Later, Tasha and Kevin turn the tables on Stink and pretend to be injured…
The very last episode of this iteration of Land of the Lost (1992 – 1993), “Misery Loves Company” is a series low-point, which is saying something given the lackluster quality of episodes such as “Cheers.”
This whole half-hour revolves around a cranky baby dinosaur, Tasha, a lazy Paku, Stink, and the series’ most irritating, unlikable character: Kevin Porter.
“Misery Loves Company” features no sense of urgency, no outside menace, and no real narrative direction, even. Instead -- and as I mentioned last week -- the series plays like a sitcom or situation comedy instead of a fantasy adventure.
Admittedly, the sitcom was a highly popular commercial form when the series aired in the early 1990s, but the uninspiring format is such a disappointment to those who grew up with the adventurous 1970s version of Land of the Lost. After the thrills of that series, this Land of the Lost feels inconsequential, dominated by directionless, irrelevant material.
It has been many weeks since there was any real sense of danger on the series, and this is despite the fact that the Porters live in the middle of a jungle with dinosaurs, an angry renegade cyborg, Sleestak and other threats.
Despite the locale, and the denizens, the series writers’ have not been able to marshal the resources to present a good or imaginative science fiction or fantasy concept in weeks, or even a compelling story that involves a clash between the Porters and the other inhabitants of the land of the lost.
And so this two-season remake ends rather poorly, having failed to dramatize memorable or important stories, or even boast a leitmotif like the original’s statements about environment and community.
Instead, this Land of the Lost concerns itself with pratfalls and jokes, like the damaged roof spilling water onto Kevin’s head.

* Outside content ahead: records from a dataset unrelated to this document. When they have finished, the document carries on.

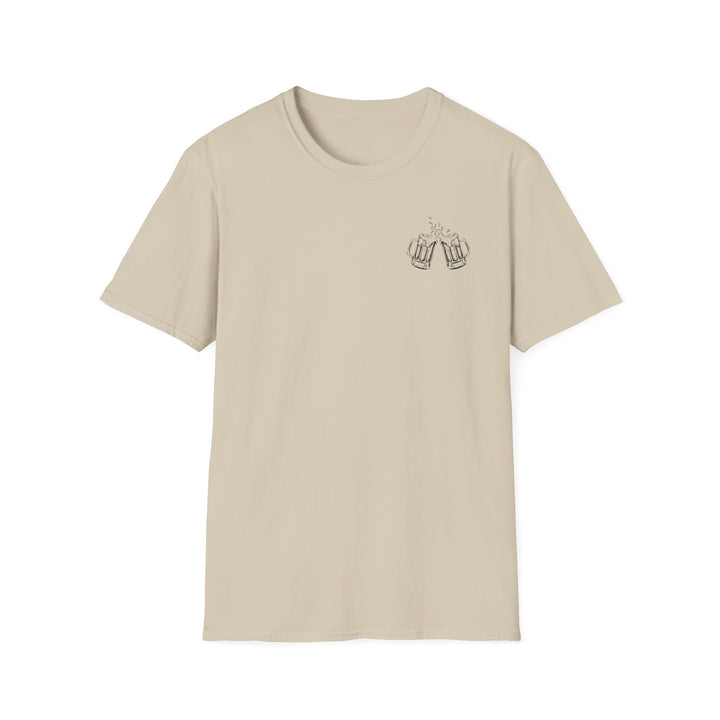 Can't Drink All Day - Unisex Softstyle T-Shirt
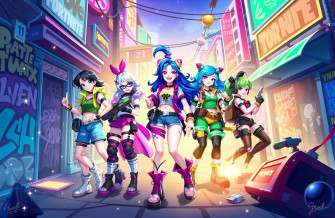 Fortnite Girls Wallpaper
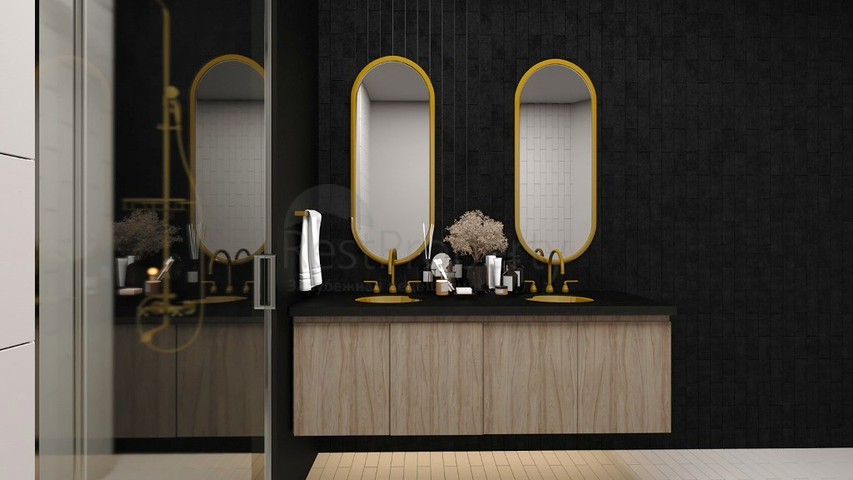 فيلا 4+1 في فتحية-منطقة أنطاليا 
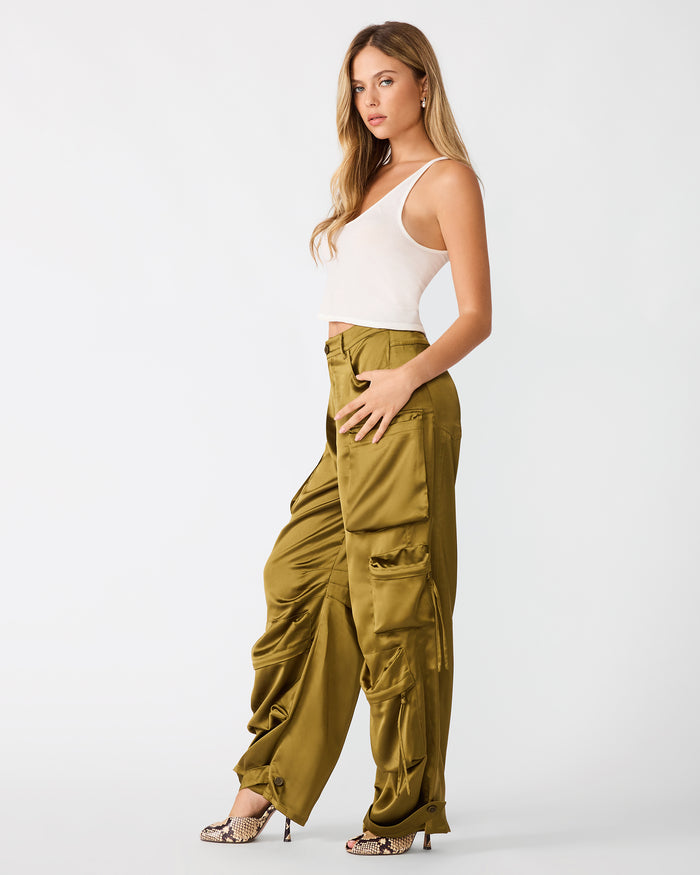 DUO PANT FIR GREEN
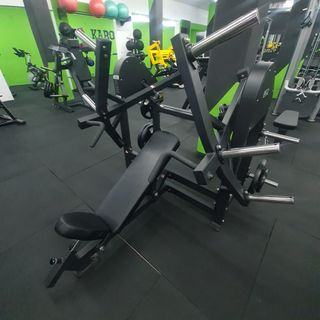 Máquina de Gimnasio Multifuncional
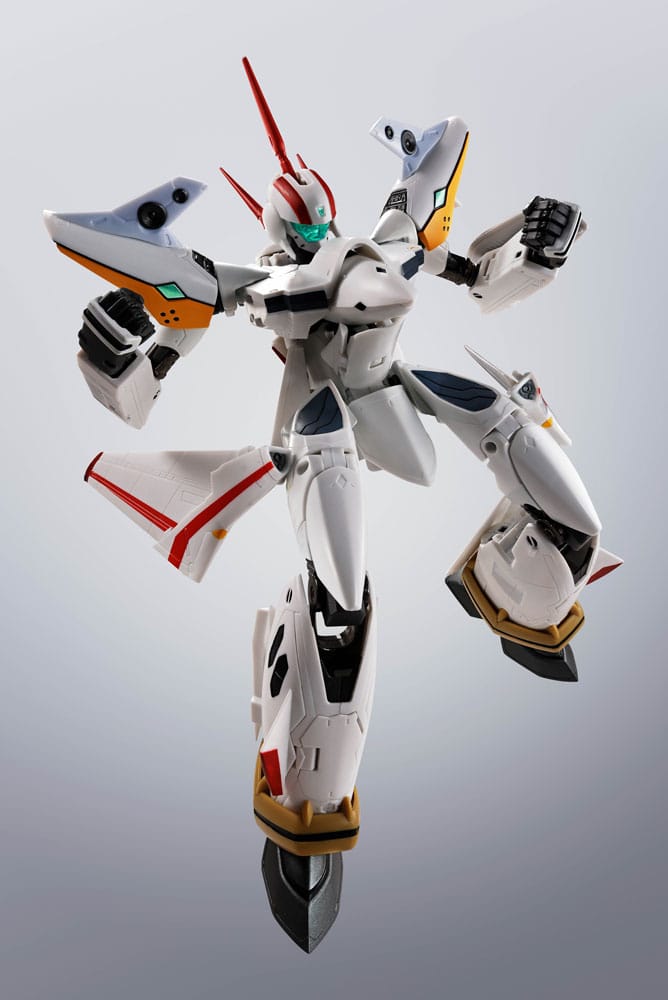 SU ORDINAZIONE Macross 7 Hi-Metal R Action Figure VF-19P Valkyrie (Zola Planetary Patrol) 15 cm *PREZZO SPECIALE*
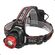 Police Security Lookout LEDヘッドランプ ブラック (98070) / HEADLAMP BLACK 1000L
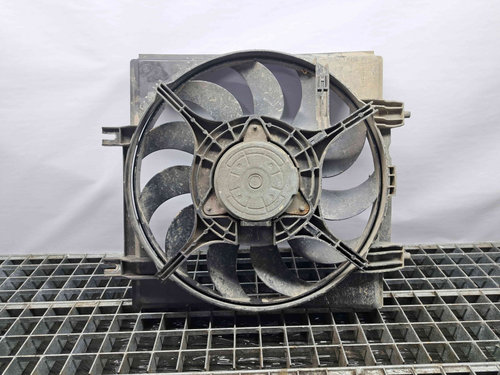 Electroventilator SUBARU Outback IV (BM, BR) [Fabr 2009-2014] OEM 2.0 110KW / 150CP 2.0 110KW / 150C...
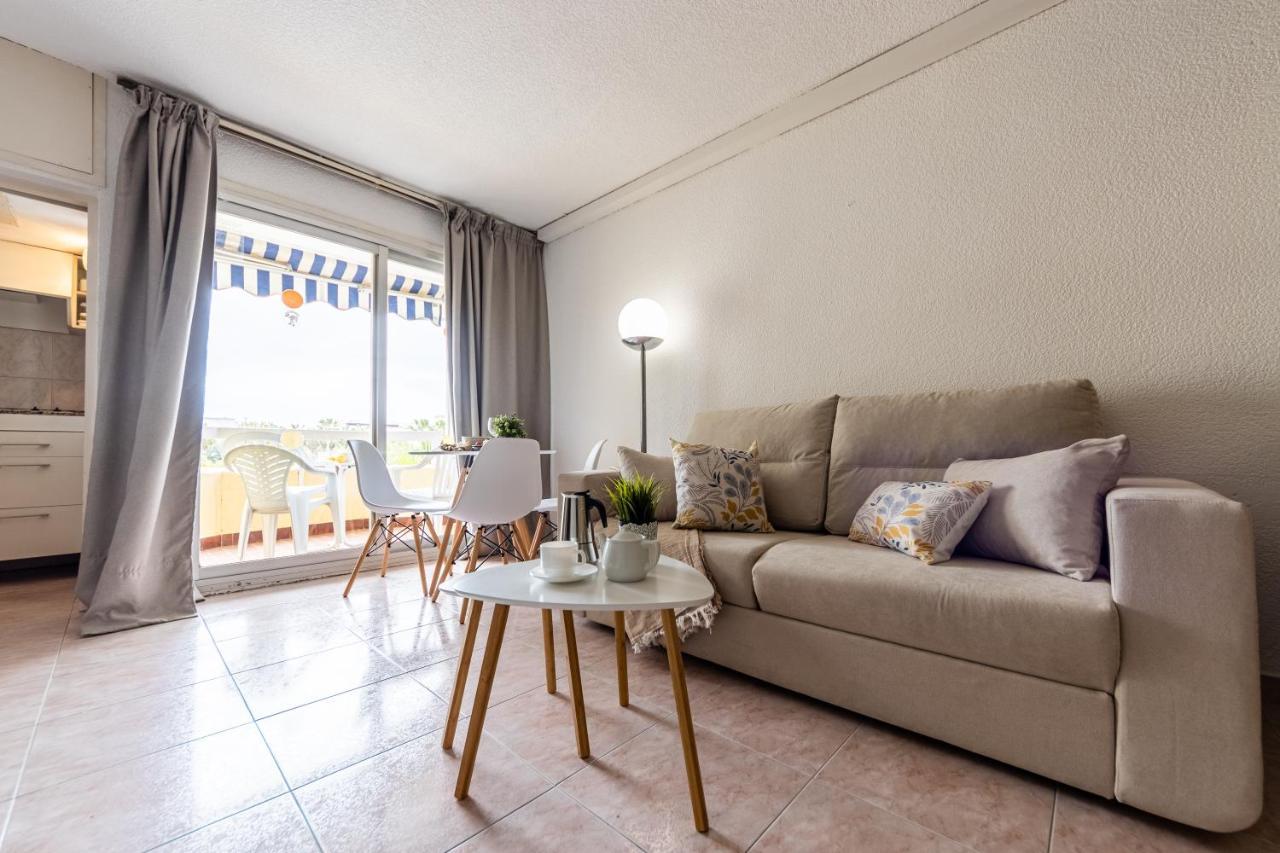 Apartamentos Alboran-Arysal Salou Extérieur photo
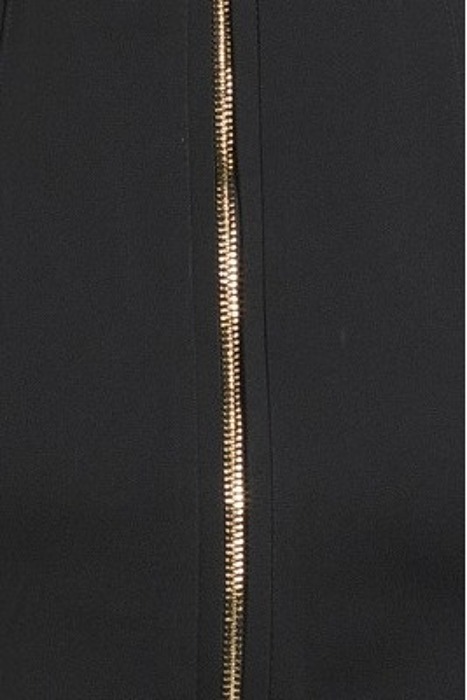 NORAH PENCIL DRESS JET BLACK 5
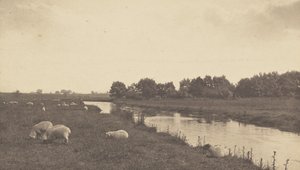 Sur la Bure - Peter Henry Emerson
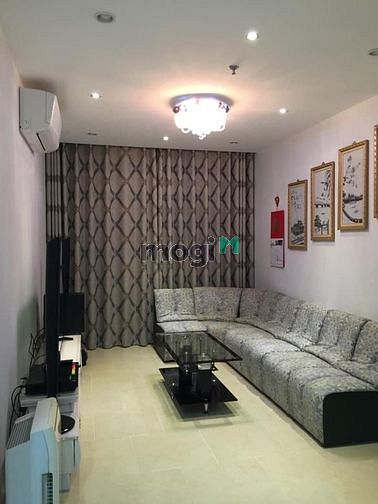 Hình ảnh Cho thuê CH Bảy Hiền Tower 70m2 2PN, Full nội thất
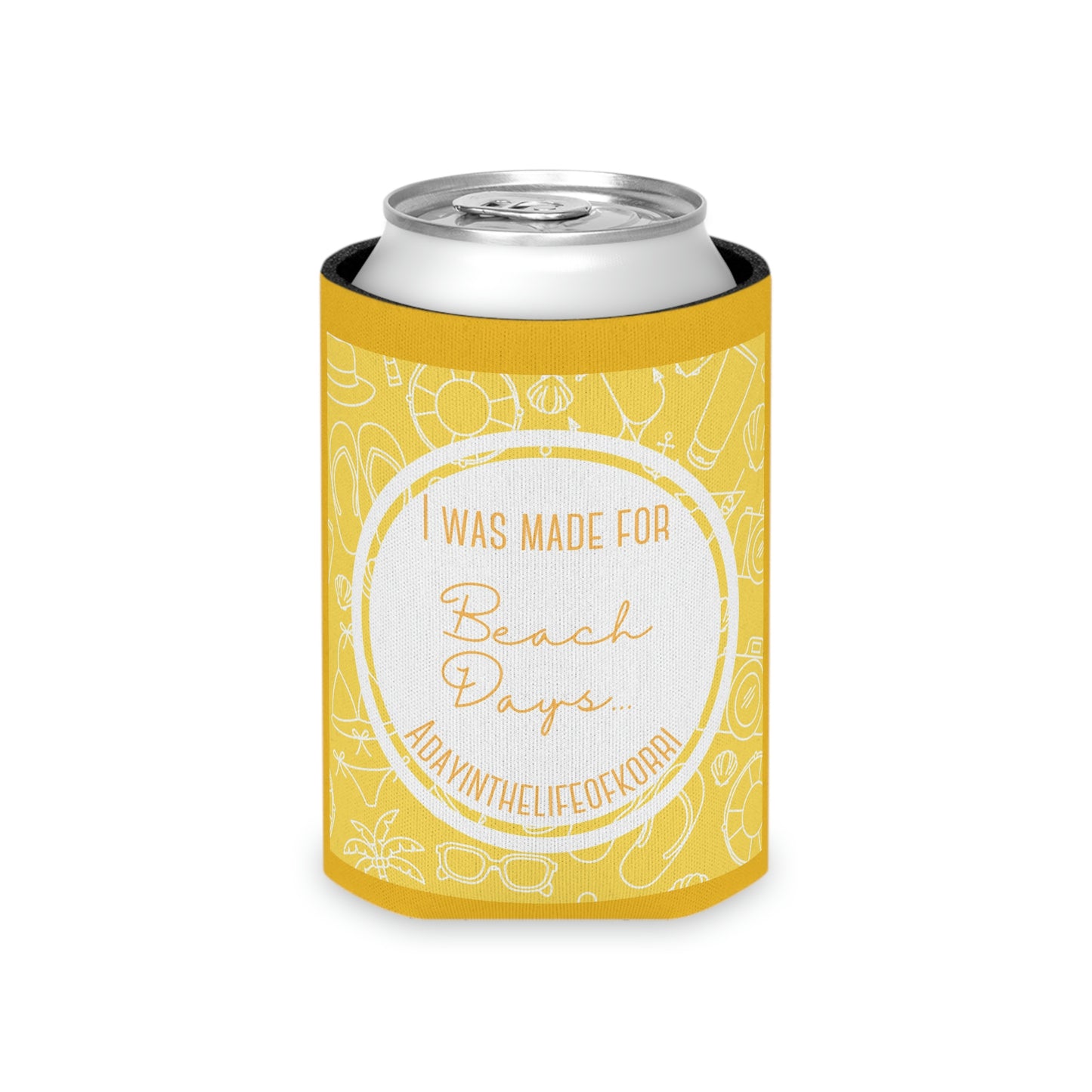 Can Cooler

Sometimes perspective is everything, and so I would note that if you go into this series expecting a family-oriented situation comedy involving Pakuni and dinosaur hijinks, you likely won’t be disappointed by what you get.
But if you grew up with the Marshalls and the original Land of the Lost, you’re going to find the lack of ideas and the lack of real intelligence in this remake a quality that is virtually impossible to overcome.
This final episode of the series ends without a final appearance by Christa, the most appealing character on the series, and with another cameo appearance of Timothy Bottom’s Mr. Porter. The series also ends with the Porter family stuck in the land of the lost.
But in this case, being stuck in the land of the lost -- with a car, with a video camera, with a boom box and the other amenities of home -- is hardly a cause for concern, let alone interest.
It’s sad that this series had two full seasons to develop a mythology and universe, but it settled instead for moralistic tripe about drunk driving (“Cheers”) using firearms responsibly (“Make My Day”) and so forth.
The 1990s Land of the Lost thus goes down in the books as a wasted opportunity, and as a pale echo of a far superior originator.
I never got to see the series in its entirety when it aired and so I had always been curious about it. But now that I have watched every episode, I’m not at all certain it was time well-spent.
If I had to recommend a few episodes, the individual titles to check out would be: “Siren’s Song,” “Kevin vs. The Volcano,” “Flight to Freedom” and “Dream Maker,” which is arguably the best episode in the entire run.